Monsanto's management has been successful in allocating and using their assets and has created a strong long-term balance sheet. The company's financial health is much better than its competitors like Syngenta AG (NYSE:SYT). Monsanto has a debt-to-equity ratio of 15.7x, much lower than Syngenta of 41x. The low debt/equity ratio indicates that Monsanto has been very successful management of debt levels. Monsanto's gross profit margin is 51%, as compared to Syngenta of 48%. Monsanto has a high Return on Assets (ROA) of 10.92%, which ensures that there are no structural flaws in the company. It is a company that extended their top-line and bottom-line figures even during the recession.

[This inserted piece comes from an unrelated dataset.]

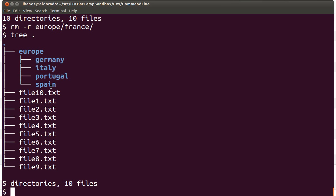Now remember that when we were creating the portugal directory we made a misspelling and our options were to delete the directory and create it again, or to rename it. So let me illustrate how you could have renamed the directory.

One risk associated with Monsanto is large numbers of lawsuits. It has been sued, and has settled, multiple times. Basically, there is a vast list of lawsuits and accusations about the company. Monsanto has been criticized by many environmental groups and in many rural areas, as a result it has a very poor brand outlook. A few months back, American Farmers launched two class action lawsuits against Monsanto following the discovery of unapproved genetically modified wheat growing in the Pacific Northwest. Farmers said that the company's negligence has ruined sales. These litigations and criticisms definitely hurt the company's performance and are an issue they have dealt with for many years.

Bottom Line

Monsanto is a stable company who continues to improve their business techniques and practices. Through its ongoing commitment to research and development and assertive capital allocation, the company has positioned itself to grow and remain dominant for years to come. With the strategic acquisitions and alliances, the company is on the right track to further strengthen its presence in the industry through diversification. Due to the large number of lawsuits, Monsanto has a very poor public image and increasing legal costs, therefore I recommend that investors should hold this stock.

Disclosure: I have no positions in any stocks mentioned, and no plans to initiate any positions within the next 72 hours. I wrote this article myself, and it expresses my own opinions. I am not receiving compensation for it (other than from Seeking Alpha). I have no business relationship with any company whose stock is mentioned in this article.